The UCSC associate professor of history, Elaine Sullivan, has just been awarded the 2020 Roy Rosenzweig Prize for Innovation in Digital History by the American Historical Association.
After Elaine Sullivan finished her project Constructing the Sacred: Visibility and Ritual Landscape at the Egyptian Necropolis of Saqqara, she almost immediately came under worldly critical acclaim.
Right now, she is being awarded one of the highest honors in historical journalism through the Roy Rosenzweig branch of The American Historical Association because her most recently published work "reflects thoughtful, critical, and rigorous engagement with technology and the practice of history."
Sullivan's project is the only one of its kind, and she is actively revolutionizing the way we look at history through the lens of technology.
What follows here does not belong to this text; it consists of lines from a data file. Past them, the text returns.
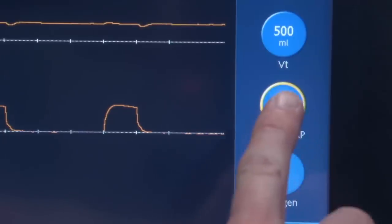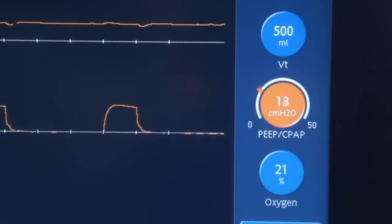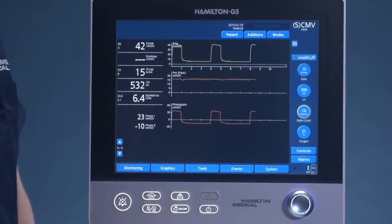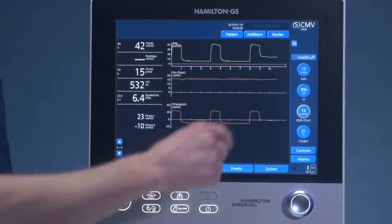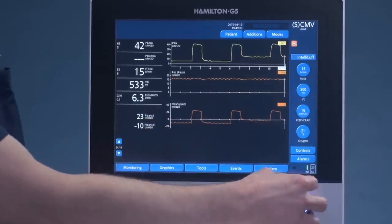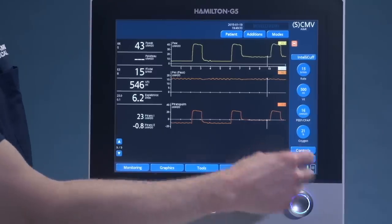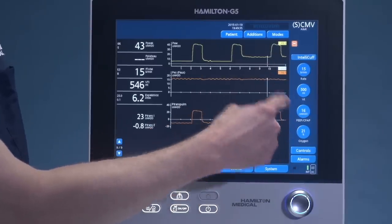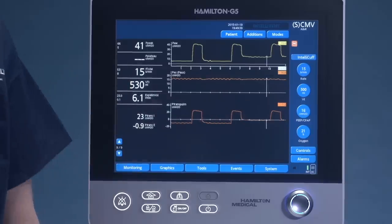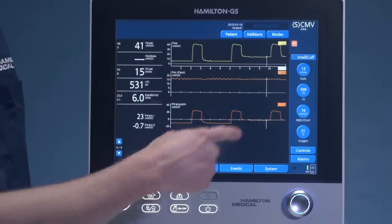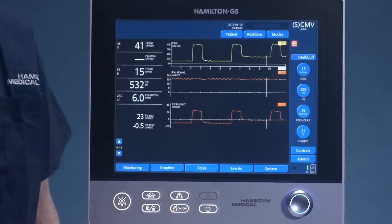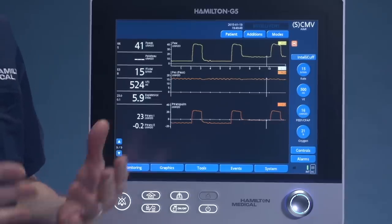Watch what happens when we increase the PEEP to 16 to equally match the pressure outside the lungs. Now, if I freeze the screen and scroll back, while airway pressure reads 16 in relationship to the PEEP set, the pressure outside the lungs remains 16 centimeters of water pressure, giving a balance of zero centimeters of water pressure — a transpulmonary PEEP of zero.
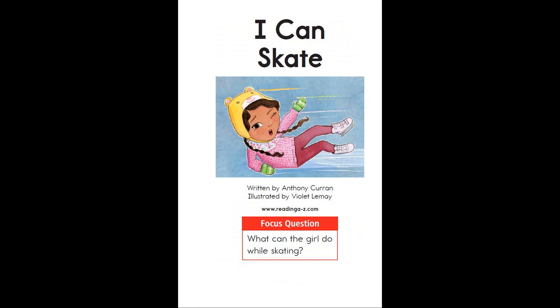The focus question for this story is: what can the girl do while skating? Think about this as you listen to the story.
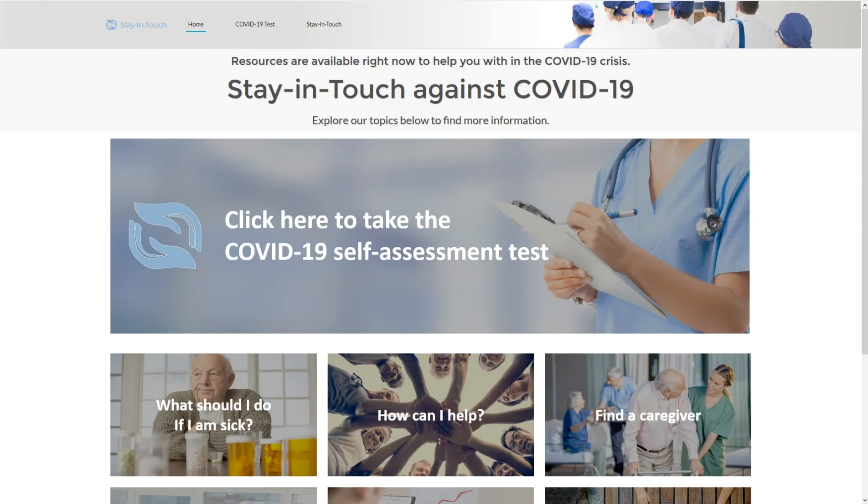In these challenging times, we will win together by taking care of each other. With Stay In Touch, Deloitte Digital and Salesforce provide the ability to take a COVID-19 self-assessment, help our community share who might be at risk, and allow professionals to help people in need remotely.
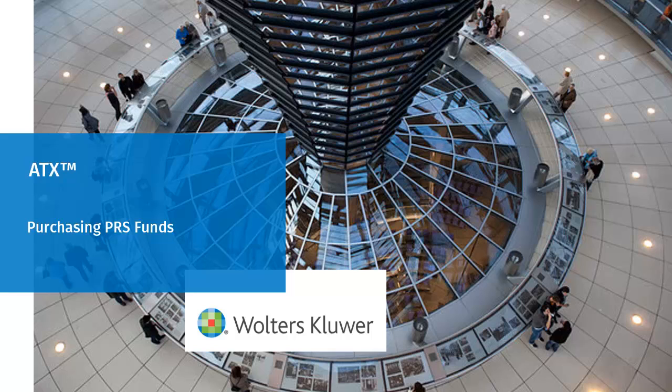Hello and welcome to the video to learn how to purchase PRS funds in ATX.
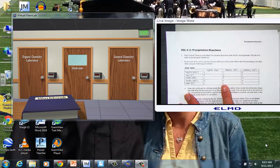In this lesson, we're going to take a peek at Virtual Chemistry Lab 4-2 Precipitation Reactions. It's the second virtual experiment.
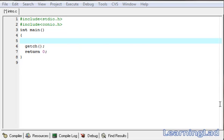This is Anil with the video tutorial for the learning LED on C programming. In this video tutorial we are going to see the pointers in C.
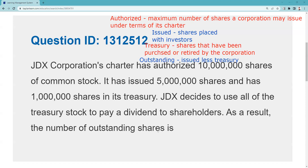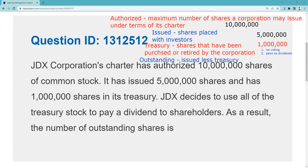Issued less treasury is a test question. If I ask you 'shares that have been purchased or retired by the corporation,' you would say treasury stock. By the way, 'retired' is a hint — it could come out of retirement. So our setup is: 10 million shares authorized, 5 million shares issued, 1 million shares in treasury. Key test point: treasury stock has no voting rights and pays no dividends.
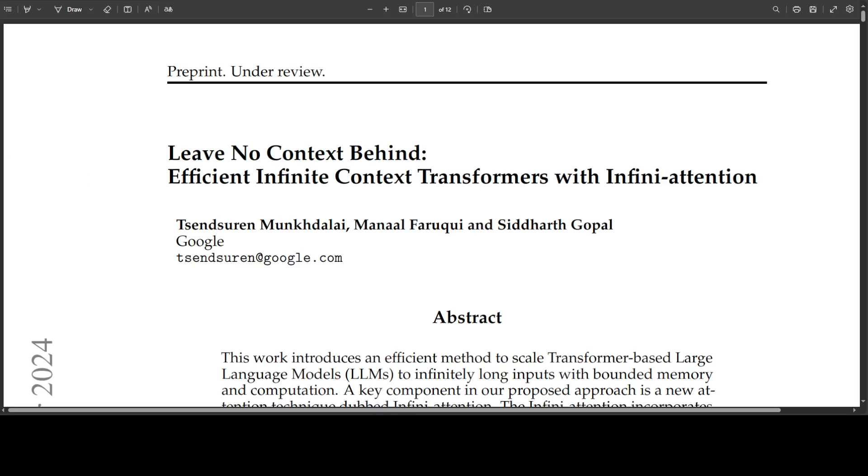In this paper, a lot of great things are happening. Memory serves as a cornerstone of intelligence as it enables efficient computations tailored to specific context. But transformers and transformer-based LLMs have a constrained context-dependent memory due to the nature of the attention mechanism.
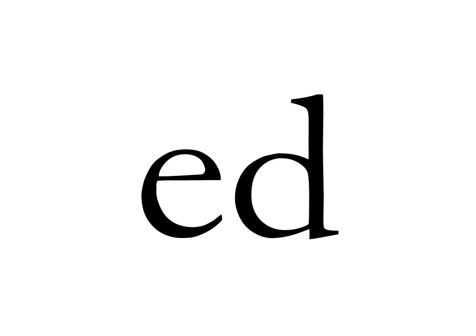Old style type characteristics. The first characteristic would be a wedge serif. You'll see that the serif itself comes to a point or at least thins as it moves along.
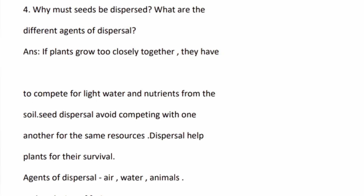Question number four: why must seeds be dispersed? What are the different agents of dispersal? If plants grow too closely together, they have to compete for light, water, and nutrients from the soil. Seed dispersal avoids competition for the same resources and helps plants for their survival. Agents of dispersal are air, water, and animals.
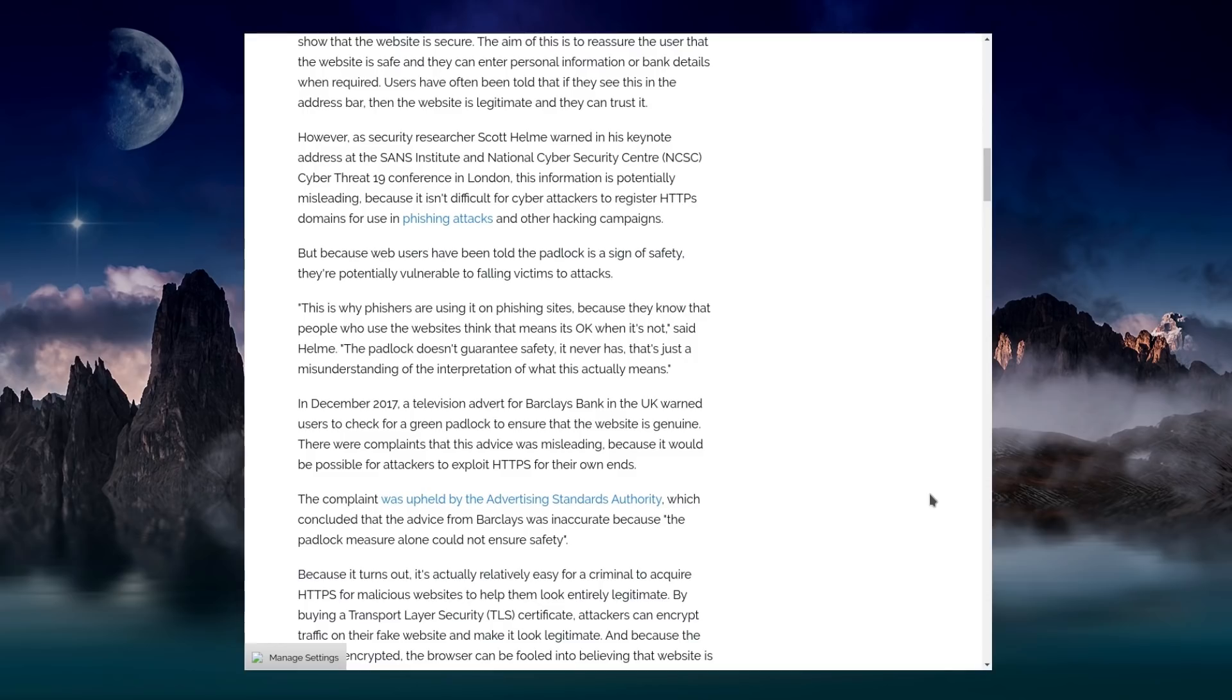And they point out in December 2017, a television advert from Barclays Bank in the UK warned users to check for a green padlock to ensure the website is genuine. There was complaints that this advice would be misleading and the Advertising Standards Authority actually upheld the complaint.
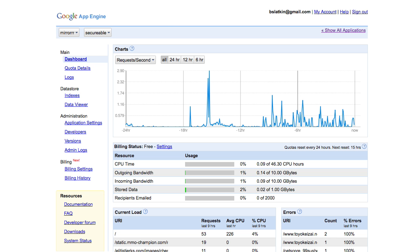Hi, I'm Brett Slaken, a software engineer on the App Engine team. In this screencast, we'll purchase additional resources for an application running on Google App Engine.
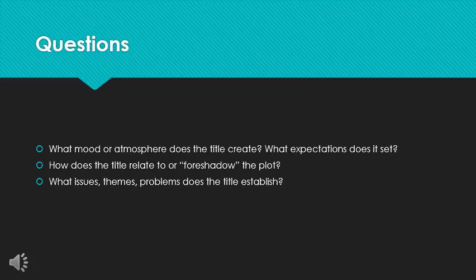So, some questions we might ask, just after thinking about the title, what mood or atmosphere does this create for us? What expectations does it set? Presume that you get all these puns as soon as you see the title, as definitely most of Shakespeare's audience would. What would that help you expect? How does the title relate to the plot? How does the title foreshadow the plot? And does the title in some way comment on the plot or the characters?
Sullivan's project uses 3D image-making technology to enhance pre-established Geographic Information Systems (which has become the most prevalent format for data organization in modern archaeological times).
She has been actively creating concise 3D models that can be navigated through space and time specifically to explore the ancient Egyptian burial site of Saqqara.
Her publication was the first publication in years that pushed boundaries of what 3D modeling can do to assist archaeologists in their decision-making for the future. In theory, this will create a new pathway for 3D imaging within the historical setting for the foreseeable future.